How to prove that there are infinite prime numbers?
Answers
Let's assume to reach our contradiction that there are only finite prime numbers. Thus, let the largest and the final prime number be p. So our assumption means that there are only finite prime numbers and those are from 2 to p.
Now, multiply the known prime numbers.
2 × 3 × 5 × 7 ×......× p
Then add 1 to this product.
(2 × 3 × 5 × 7 ×......× p) + 1
This number obtained should be greater than p. But when we see this number deeper, we get that this number leaves remainder 1 on division by the known and only finite prime numbers from 2 to p.
From this we get two facts that either this number is a prime number itself or this number can be divided by another prime number greater than p.

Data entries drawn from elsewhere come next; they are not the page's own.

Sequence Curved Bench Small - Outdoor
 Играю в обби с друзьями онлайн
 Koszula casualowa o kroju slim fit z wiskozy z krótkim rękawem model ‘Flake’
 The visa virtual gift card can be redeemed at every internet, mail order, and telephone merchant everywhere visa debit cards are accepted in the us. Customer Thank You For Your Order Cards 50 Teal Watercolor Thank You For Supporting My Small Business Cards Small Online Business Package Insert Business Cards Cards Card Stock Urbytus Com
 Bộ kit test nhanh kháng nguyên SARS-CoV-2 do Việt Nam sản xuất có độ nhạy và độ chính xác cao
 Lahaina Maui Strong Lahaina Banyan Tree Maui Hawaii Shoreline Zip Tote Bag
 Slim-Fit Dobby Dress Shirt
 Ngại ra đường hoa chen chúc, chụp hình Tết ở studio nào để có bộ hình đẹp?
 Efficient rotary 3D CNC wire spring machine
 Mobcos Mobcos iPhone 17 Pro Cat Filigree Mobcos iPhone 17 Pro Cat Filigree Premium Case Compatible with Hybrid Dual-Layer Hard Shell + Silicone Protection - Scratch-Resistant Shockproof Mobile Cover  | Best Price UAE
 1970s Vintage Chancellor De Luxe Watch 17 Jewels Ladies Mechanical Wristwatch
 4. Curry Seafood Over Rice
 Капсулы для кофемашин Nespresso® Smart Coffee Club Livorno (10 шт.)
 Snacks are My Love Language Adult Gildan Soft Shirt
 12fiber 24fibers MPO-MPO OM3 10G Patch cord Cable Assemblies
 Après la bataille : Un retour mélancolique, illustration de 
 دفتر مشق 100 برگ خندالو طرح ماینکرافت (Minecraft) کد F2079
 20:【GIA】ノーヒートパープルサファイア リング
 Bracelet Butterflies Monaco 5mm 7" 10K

Even any of these two, these contradict our earlier assumption that p is not the largest prime number.
Hence proved!!!
Let there be definite prime intergers like p₁ p₂ ....... pₙ. Assuming their product to be x.
x = p₁ p₂ ...... pₙ
Here x was divisible by each prime mentioned.
On adding 1 both sides we get,
x + 1 = 1 + p₁ p₂ ..... pₙ
x' = 1 + p₁ p₂ ..... pₙ
Undoubtedly, x' is no more divisible by any of the prime and this contradicts our assumption that there are definite prime numbers.
There must be some other which could divide x'. Hence there are infinte prime integers.